Makeup as Dark Magic: The Love Witch and the Subversive Female Gaze

By Cathy Lomax

The Love Witch (Anna Biller, 2016) is a colour-saturated conundrum that uses surface level notions of femininity to foreground the female gaze. In the words of the director, The Love Witch presents the female image “not as an image to be possessed, but as an image in the mirror”.[1] Against the backdrop of a sugary-pink Victorian tearoom, a primary-coloured gothic apartment and a blood-red burlesque bar, Elaine (Samantha Robinson), a beautiful, young witch, practices sex-magic in order to snare a man. Her strategy eventually leads to disappointment and deathly consequences.

Elaine is a Love Witch, 2019, oil on paper, 17.5x31cm, by Cathy Lomax.

Arguably, the most striking feature of Elaine’s appearance is her extraordinarily made-up face (courtesy of makeup artist Emma Willis) – which is part 1950s Technicolor heroine and part 1960s sex siren. It is this too-perfect glamour mask that immediately makes Elaine fascinating, but also situates her apart from the other women in the small Californian town she has moved to.

In the film’s press pack, Anna Biller states that “[t]he witch is a very loaded female image, as she stands for both female power and the male fear of female sexuality.”[2] This chimes with Barbara Creed’s thoughts on the witch, that she “is represented within patriarchal discourses as an implacable enemy of the symbolic order.”[3] The witch is therefore located in what Heather Greene terms “wild femininity”, a characteristic of women situated outside of accepted norms, who are at odds with “true womanhood” as exemplified by domesticity, religiosity, sexual purity, and subordination to the male.[4]

In this essay, I will specifically examine the connections between makeup and witchcraft, taking into consideration the notion that makeup may be used in both a disruptive and a transformative way.

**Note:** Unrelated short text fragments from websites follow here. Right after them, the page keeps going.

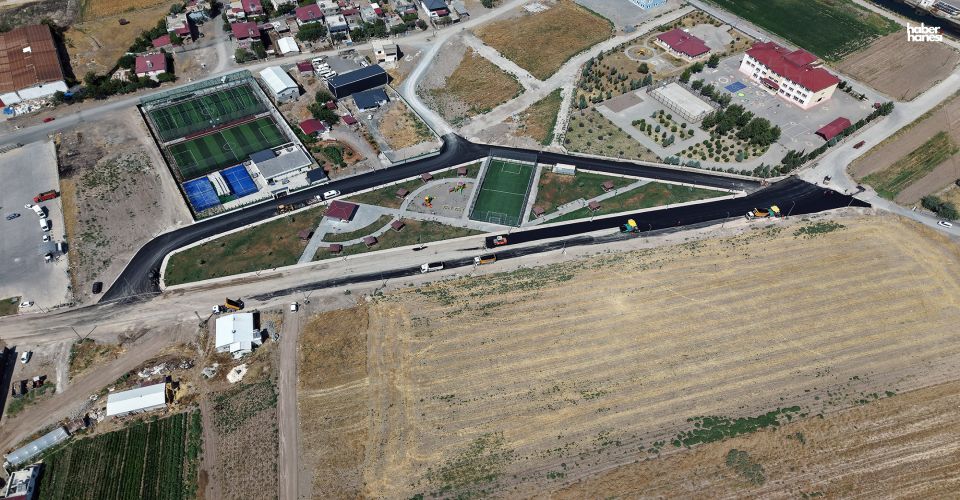 Kahramanmaraş Büyükşehir, Dulkadiroğlu’nda Asfalt Mesaisini Sürdürüyor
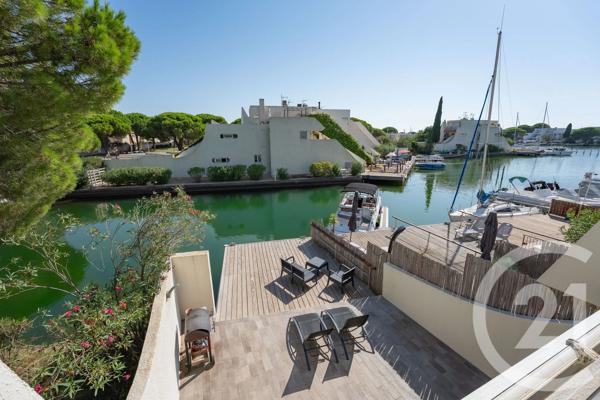 Appartement F5 à vendre  5 pièces - 115,94 m 2   LE GRAU DU ROI  - 30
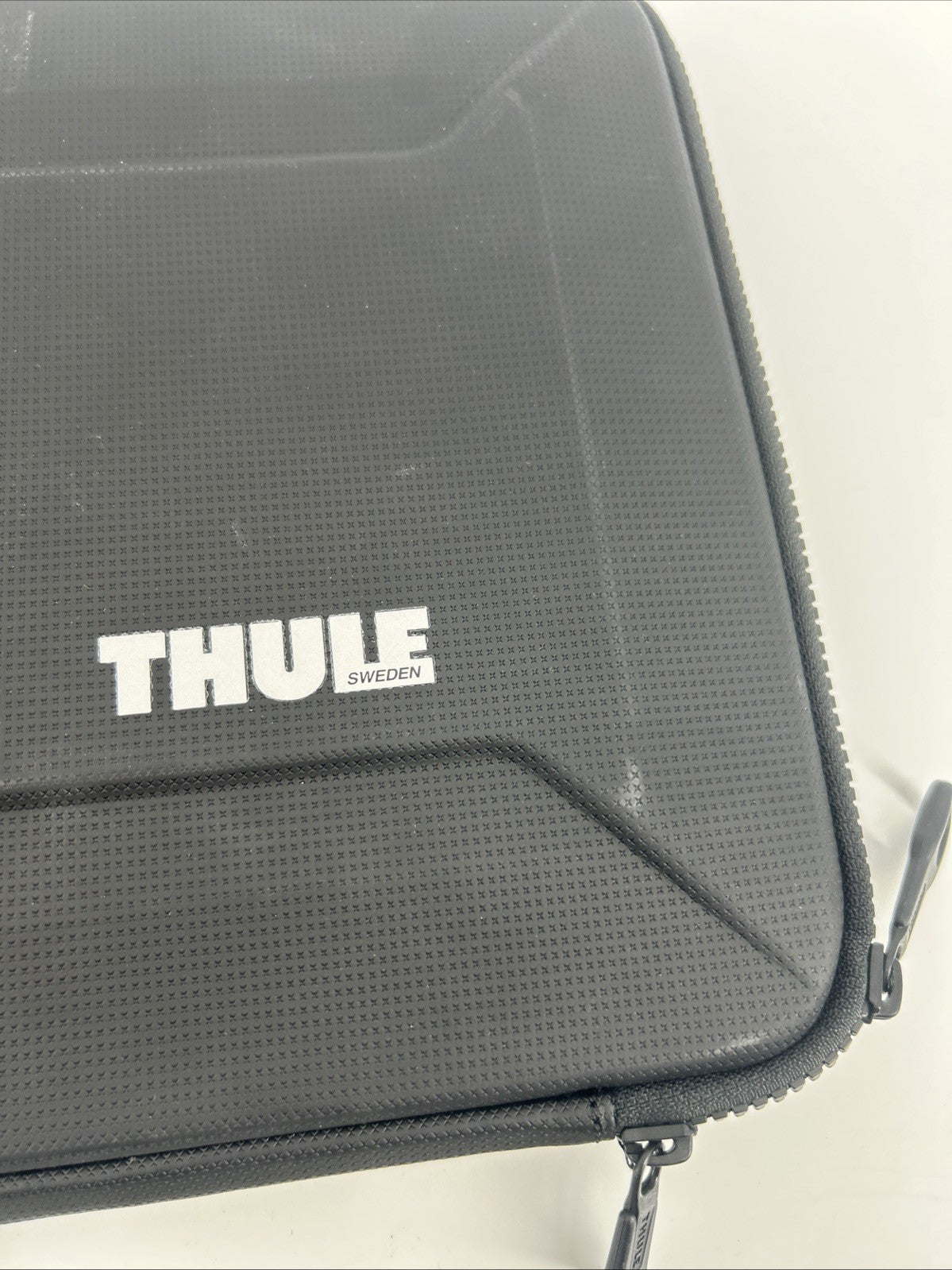 Thule - Gauntlet Laptop Sleeve Laptop Case for 14” Apple MacBook Pro, 13” Apple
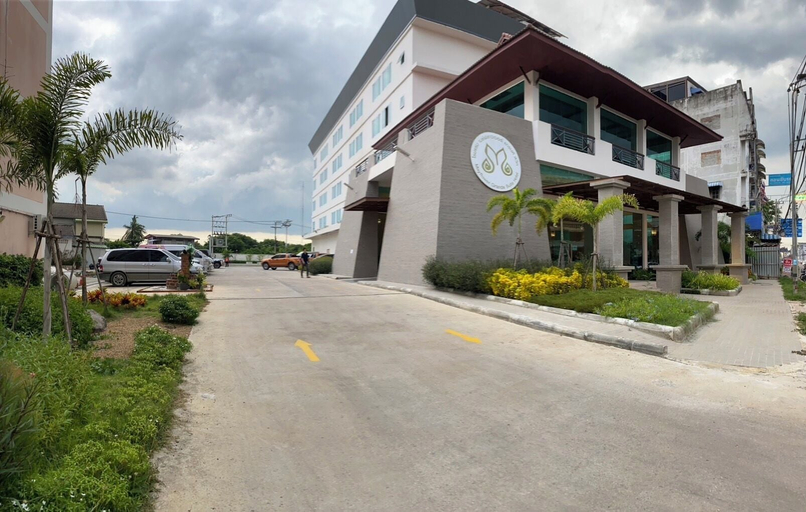 Exterior & Views 2, Mayflower Grande Suite Hotel, Muang Phitsanulok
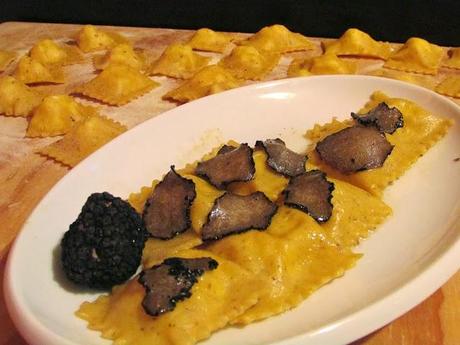 ESEGESI DELLA FELICITA' - RAVIOLI ALLE NOCCIOLE CON ROBIOLA E TARTUFO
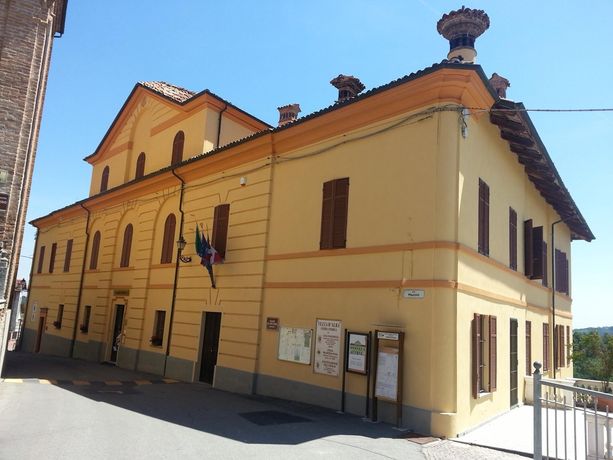 Ex sindaci del Roero a giudizio: per i dodici imputati l’accusa chiede un totale di 41 anni e 5 mesi di reclusione Ex sindaci del Roero a giudizio: per i dodici imputati l’accusa chiede un totale di 41 anni e 5 mesi di reclusione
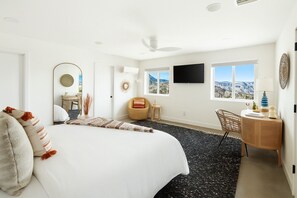 4 bedrooms, desk, free WiFi, bed sheets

Drawing upon film and cultural history I will investigate the ways that The Love Witch uses the connotations of makeup alongside an extraordinary mise-en-scène to simultaneously critique the symbolic order and supply satisfying levels of visual pleasure.

Painting and Magic

Laura Mulvey writes that “a mask-like surface enhances the concept of feminine beauty as an ‘outside’. As artifice and masquerade, which conceals danger and deception.”[5] Makeup’s ability to transform and accentuate facial features connects it to theatricality and sexualised femininity, marking it as an agent of deception and positioning it as a dangerous and corrupting medium. Because of this, the wearing of visible makeup has – at frequent points in history – been deemed socially unacceptable with its use veiled in secrecy and connected with feminine wiles, magic potions and witchcraft.[6] Kathy Peiss demarcates the distinction between “cosmetics” and “paints” in 19th century America. Peiss advances that cosmetics were thought to assist nature and were part of a woman’s “knowledge of beauty and the body”, while paints masked nature’s handiwork, “aroused social, ethical and health concerns” and in extreme cases contained noxious chemicals that led to illness and even death.[7]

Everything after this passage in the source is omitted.